* _WHAT TO WORK ON_
Faithfully repeat each entry below, minus the pictures.
BEGIN INFORMATION GIVEN
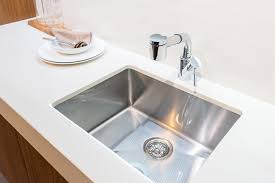 remove rust on stainless steel sinks
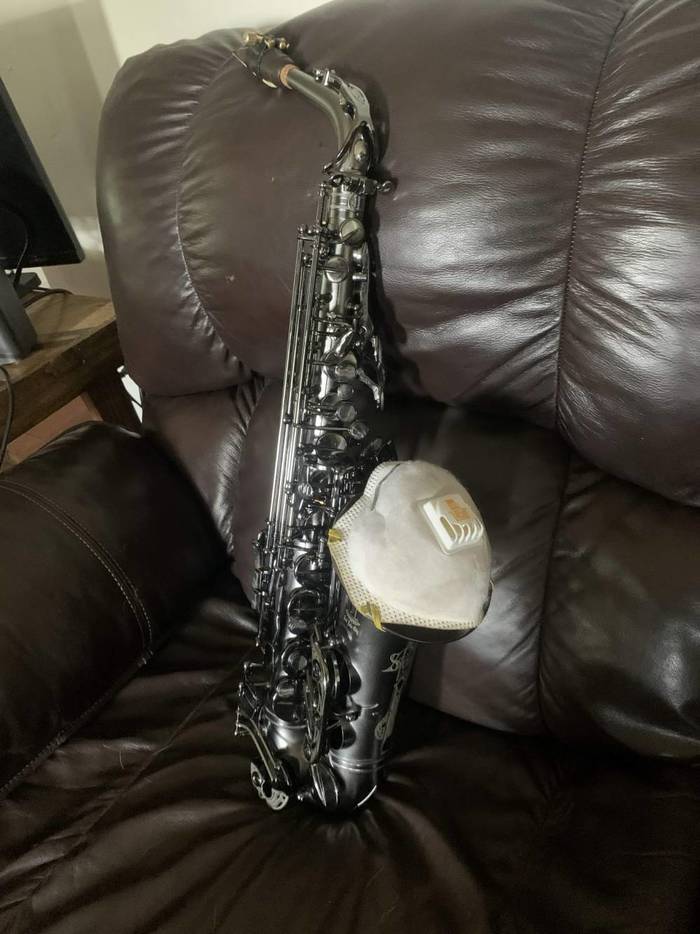 Today's Saxophone - Saxophone, Musical instruments, Respirator, Means of protection, Sofa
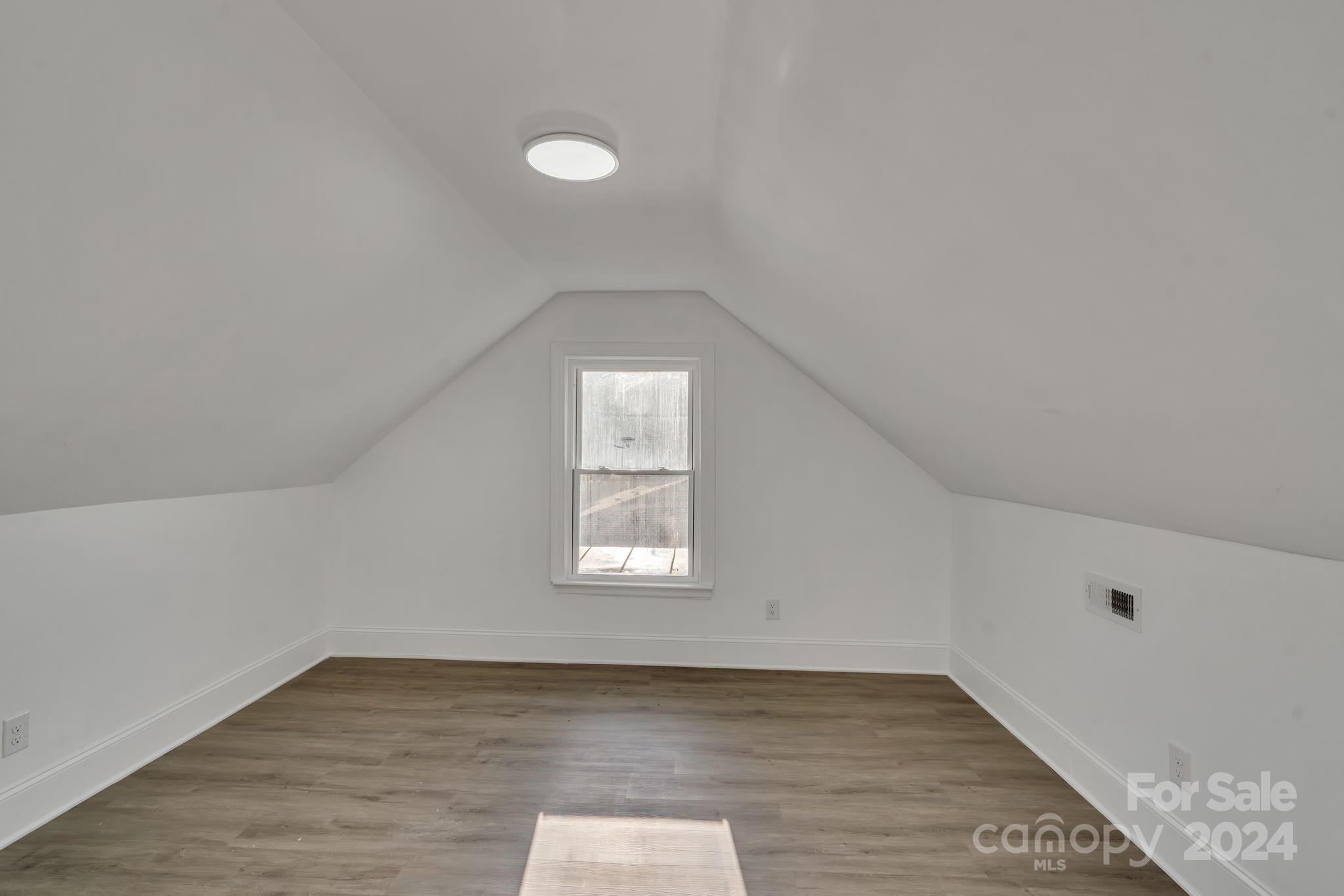 4315 Gibbon Road Property Photo 11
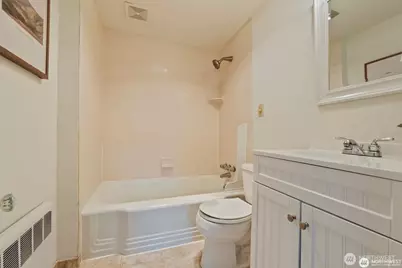 10340 39th Avenue NE, Seattle, WA 98125 - Photo 21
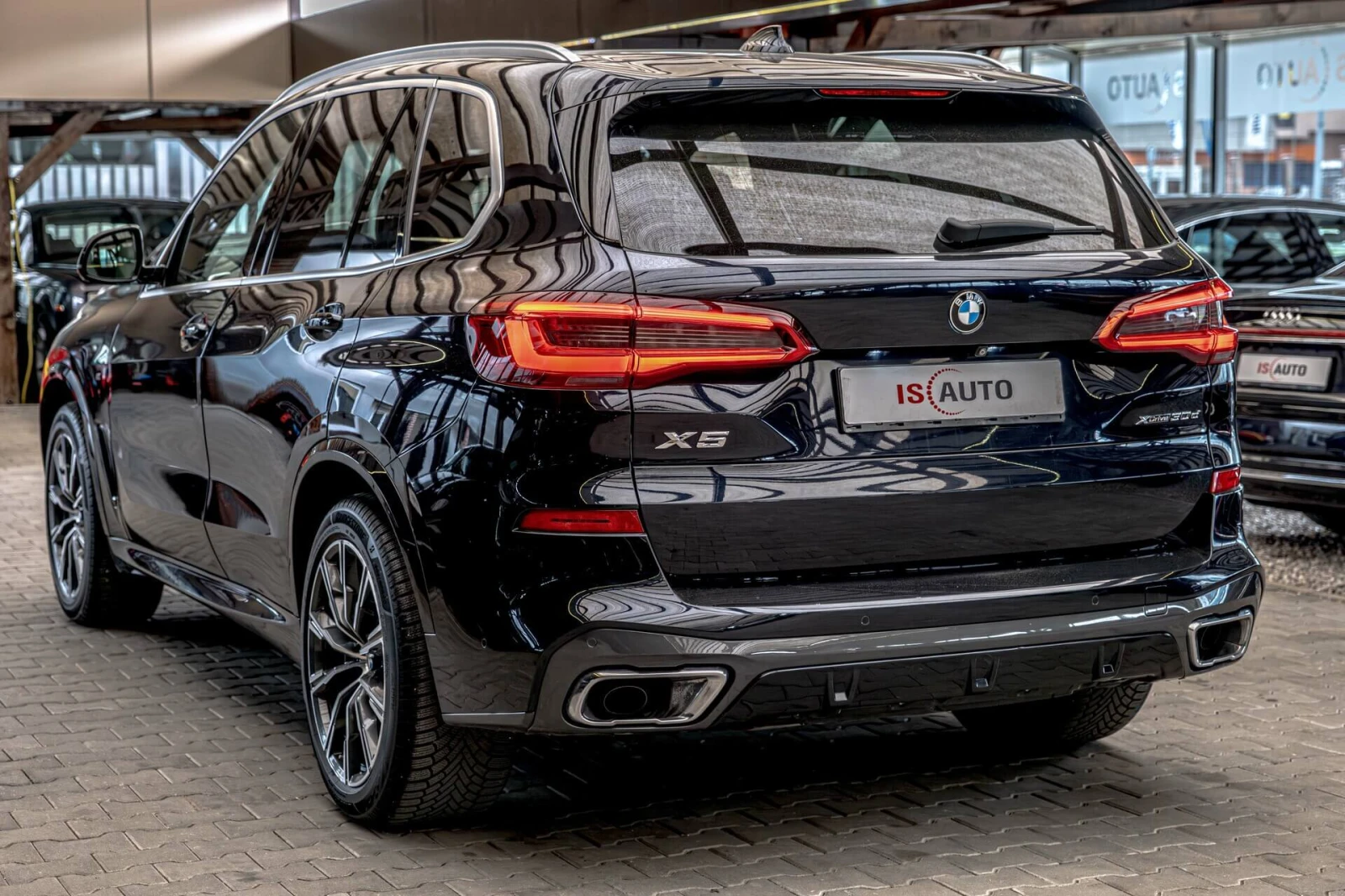 BMW X5 30d/SKY Lounge/Ambient/HuD/M-Aero.Dynamic/Камера 3, снимка 5 - Автомобили и джипове - 54458942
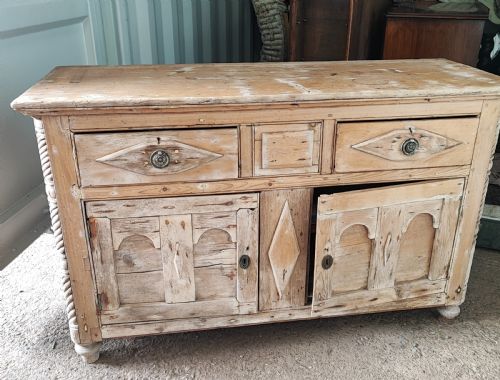 ANTIQUE RUSTIC SMALL PINE AND ELM DRESSER - ADDITIONAL PHOTO 1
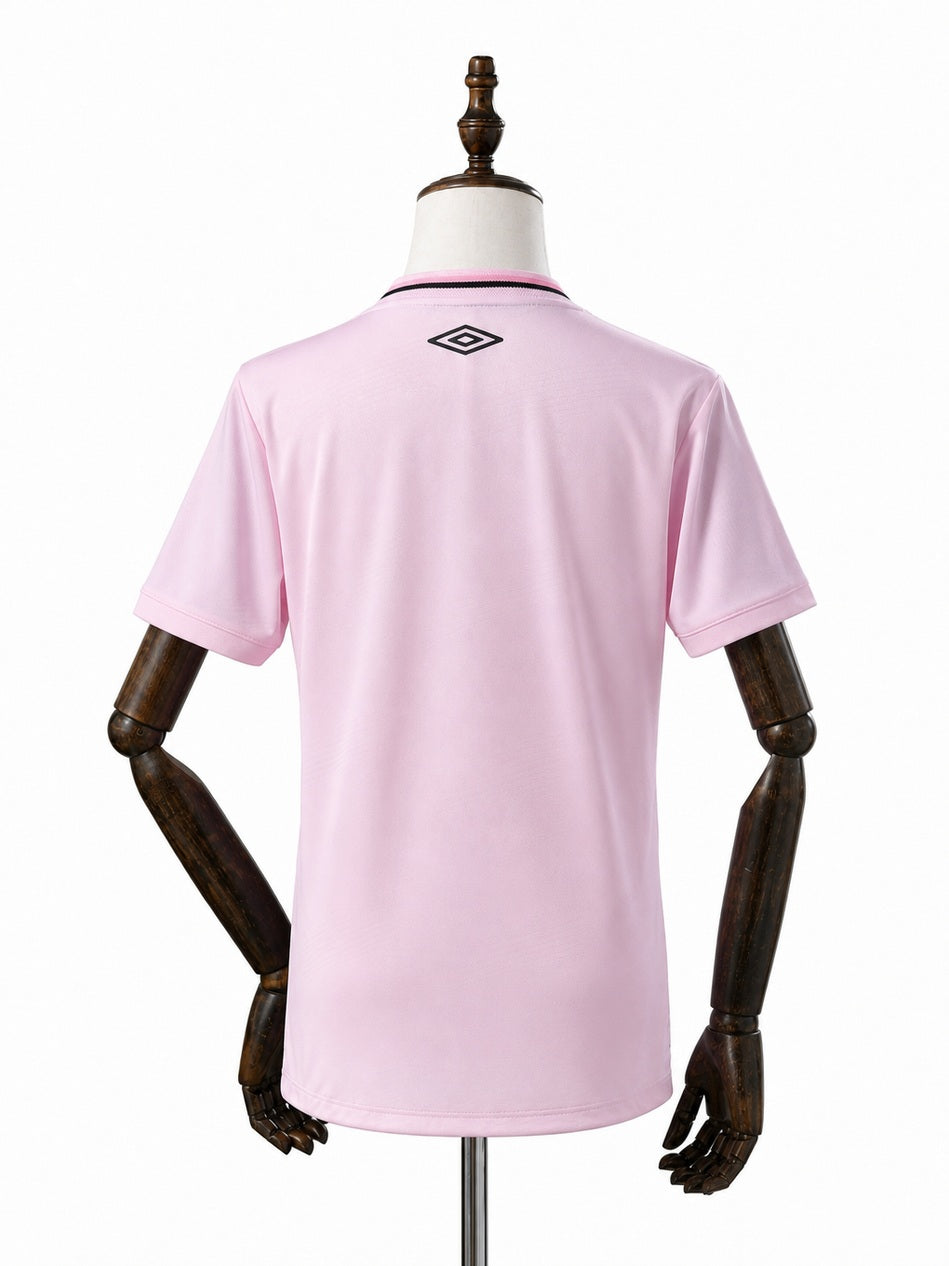 Sport Recife Women Pink Jersey back wood mannequin white background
END INFORMATION GIVEN
* _RESPONSE FOR THIS EXERCISE_
 remove rust on stainless steel sinks
 Today's Saxophone - Saxophone, Musical instruments, Respirator, Means of protection, Sofa
 4315 Gibbon Road Property Photo 11
 10340 39th Avenue NE, Seattle, WA 98125 - Photo 21
 BMW X5 30d/SKY Lounge/Ambient/HuD/M-Aero.Dynamic/Камера 3, снимка 5 - Автомобили и джипове - 54458942
 ANTIQUE RUSTIC SMALL PINE AND ELM DRESSER - ADDITIONAL PHOTO 1
 Sport Recife Women Pink Jersey back wood mannequin white background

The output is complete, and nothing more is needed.